Trained algorithms 155 may be used by any suitable system to generate an associated inference. For example, a new configuration may be input into a trained algorithm 155 to infer a corresponding price. In another example, various fields of a new product configuration may be input to a trained algorithm 155 along with required input fields of corresponding records of customer data 124 and sales data 144 to infer a cluster, which may then be used to determine follow-up service and/or promotional actions.

FIG. 2 is an illustrative representation of the structure of a master configuration file 200 according to some embodiments. Embodiments are not limited to the FIG. 2 structure or to any tree structure of linked nodes.

Master configuration file 200 may be used by a configuration application to request and define a configuration of a vehicle, but embodiments are not limited thereto. File 200 includes various node levels, beginning with Model nodes at the root level and having Engine and Color nodes at the child and grandchild levels. File 200 may include additional level.

The nodes of a particular level are shown connected to one or more nodes of a next level. The connections determine which nodes can be reached (i.e., selected) from a particular node. For example, selection of node M3 limits the choice of Engine-level nodes to E7 and E8, from which only Color-level nodes C1 and C4 (from node E7) or C3 and C4 (from node E8) can be reached. Embodiments are not limited to this behavior.

FIG. 3 is a view of a user interface to receive a product configuration according to some embodiments. According to some embodiments, a user operates a client system 115 to access configuration application 111. For example, the user may operate a client system 115 to execute a Web browser and to input a Uniform Resource Locator (URL) associated with a domain of configuration application 115. The Web Browser issues a request based on the URL and receives user interface (i.e., Web page) 300 in return.

According to the present example, the product configuration presented in the user interfaces of FIG. 3-5 is based on file 200 of FIG. 2. Accordingly, user interface 300 requests selection of a model of the product and presents model options corresponding to root-level nodes M1, M2 and M3 of file 200. It will be assumed that the user selects option M2 and Next control 310. User interface 400 of FIG. 4 is presented in response.

Referring to file 200, selected node M2 is connected to nodes E4, E5 and E6 of the Engine-level nodes.
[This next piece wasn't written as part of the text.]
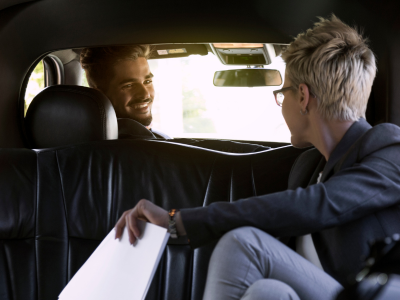 A man sitting in the back seat of a car talking to another man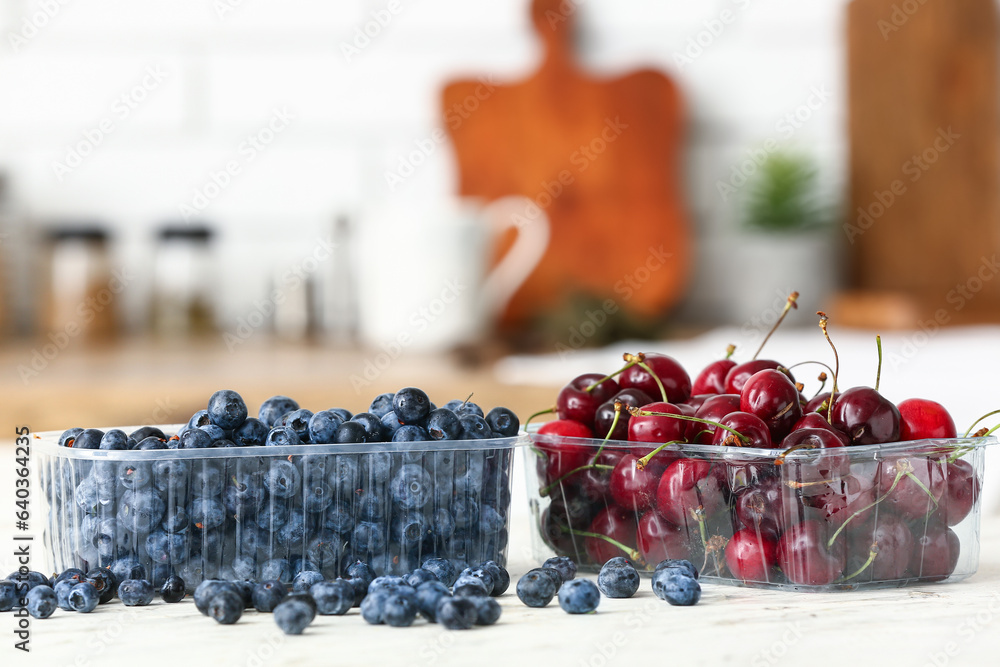 Plastic containers with fresh berries on table in kitchen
Accordingly, user interface 400 shows only options corresponding to nodes E4, E5 and E6. The user may select Back control 410 in order to change the Model selection and therefore be presented with a different set of Engine options within user interface 400. It will be assumed for purposes of the present example that the user selects Engine option E6 and Next control 420.

Selected node E6 is connected to nodes C1, C3 and C4 in file 200. User interface 500 therefore shows options corresponding to nodes C1, C3 and C4. Again, the user may select Back control 510 in order to change the existing Engine or Model selection and therefore be presented with a different set of Color options within user interface 400. It will be assumed for purposes of the present example that the user selects Color option E6 and Next control 520. The process may continue in this manner through any remaining levels of file 200.
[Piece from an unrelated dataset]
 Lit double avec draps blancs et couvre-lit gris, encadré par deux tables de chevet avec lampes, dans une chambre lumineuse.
FIG. 6 is an illustrative representation of an instance of master configuration file 200 according to the above example. Instance 600 includes only the nodes which were selected as described above, i.e., nodes M2, E6 and C1. As shown, instance 600 is a sparse version of file 200 and includes much less data than file 200. FIG. 7 illustrates instance 700 of another product configuration based on file 200. The nodes of instance 700 conform to the dependencies of file 200, as do the nodes of instance 800, which is yet another product configuration based on file 200.

FIG. 9 is a block diagram of architecture 900 to generate a machine learning algorithm based on disparate data according to some embodiments. FIG. 9 includes data 910 which may be obtained from any number or type of sources. As shown, data 910 includes data similar to that shown in FIG. 1 and therefore may be generated by the applications described therein. In particular, data 910 includes configurations 912, customer data 914, service data 916 and sales data 918. Embodiments are not limited thereto.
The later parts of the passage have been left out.